1.3. Suggested Modelling Approach

Wind speed is chaotically intermittent and is often characterised by inherent linear and nonlinear patterns as well as nonstationary behaviour; thus, it is generally difficult to predict it accurately and efficiently using a single linear or nonlinear model [25,46,53,54]. We suggest combining WT, ARIMA, and XGBoost via SVR to predict high-resolution short-term wind speeds.
In the literature, wavelet decomposition of a signal is followed by separate modelling of subseries using appropriate techniques. In the last step, sub-series predictions are reconciled (through summation) (see, e.g., [25]). In addition to its simplicity, this conventional approach (individual modelling and summation of subseries predictions) incorporates errors from each subseries into the final predictions. This compromises the accuracy and robustness of the final predictions. The authors of [25] discussed the difficulty in capturing high-frequency subseries when using the ARIMA model, which led to large errors when predicting using the WT-ARIMA model. High-frequency wind speed subseries (particularly at low levels) with nonlinear features adversely affect the accuracy and reliability of wind speed predictions from the ARIMA model.

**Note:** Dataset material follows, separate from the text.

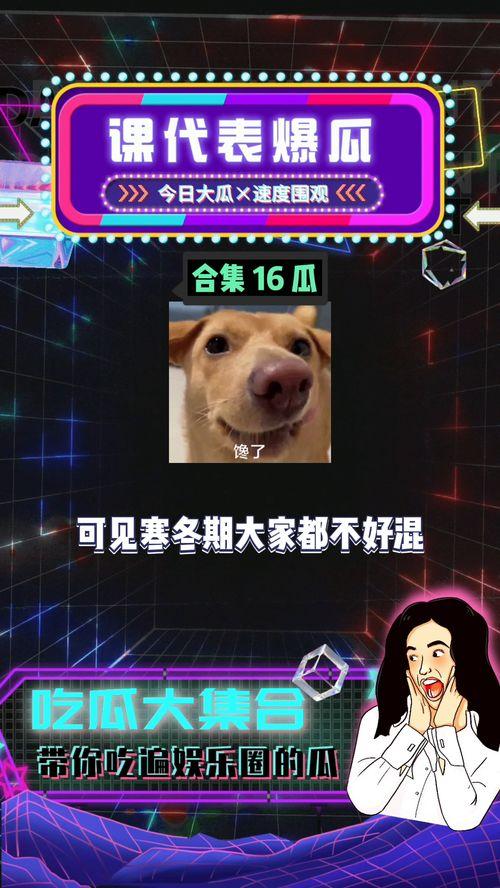 娱乐八卦吃瓜全集,揭秘明星幕后故事，吃瓜全集大揭秘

In this case, the uncertainty and inaccuracy of wind power predictions will result in energy costs rising, as additional reserves are required to maintain energy balance and ensure optimal unit commitment. Furthermore, ref. [58] also showed that wind turbine energy costs associated with forecast errors can reach 10% of total wind energy turnover.
Although the RWT-ARIMA model was found to reduce error accumulation to some extent, these techniques require more computational time than highly efficient machine learning algorithms such as the XGBoost and RF (see, e.g., [59]). Hence, this study proposes a new novel hybrid model, namely WT-ARIMA-XGBoost-SVR to circumvent error accumulation in the final wind speed predictions. In essence, the proposed strategy leverages the advantages of WT (excellent at denoising high variant signals), ARIMA (captures linearity very well), GBDTs (high accuracy, robust model tuning, highly scalable, sparse with computational efficiency), and SVR algorithms (high convergence speed with small sample sizes) to predict short-term wind speed with high precision and efficiency. In the aforementioned hybrid modelling strategy, the ARIMA model is employed to capture the linear component infused in the original wind speed data. The resultant residuals (i.e., nonlinear component) from fitting the ARIMA model are disaggregated into several less noisy subseries by WT. As input features, these subseries are fed into an XGBoost model to capture the nonlinear component that could not be captured by an ARIMA model. The final predicted value is determined by combining the predicted values from the ARIMA model and XGBoost using SVR. The efficacy of the proposed WT-ARIMA-XGBoost-SVR in short-term wind speed prediction is evaluated against the WT-ARIMA-LGB-SVR and WT-ARIMA-SGB-SVR. Although recent advances in computing power have led to more advanced and accurate machine-learning algorithms, ARIMA is still one of the most widely used models for wind speed short-term forecasting and benchmarking. For instance, in [60], the ARIMA model outcompeted Gated Recurrent Unit (GRU) and LSTM algorithms in short-term wind speed forecasting. Therefore, both the point and interval predictions of the proposed approach are also benchmarked against the ARIMA model to better evaluate its efficacy.
Overall, the current study will contribute to the existing renewable energy literature in the following ways: (a) In an effort to enhance short-term wind speed prediction accuracy, boosting and vector machine learning techniques are introduced; (b) High efficient and robust gradient decision trees are used instead of the classical ARIMA models, which are prone to struggling with nonlinearity and large datasets; (c) The effect of each subseries prediction error on overall wind speed prediction is minimised by utilising all wavelet decomposed subseries as input features into the XGBoost; (d) To some extent, the developed hybrid approach accurately, and efficiently captures nonlinear components associated with wind speed turbulence and gusts; (e) The proposed model is applied on different datasets from different locations as well as terrain complexity and used for forecasting over different time spans within the short-term forecasting framework to assess its robustness.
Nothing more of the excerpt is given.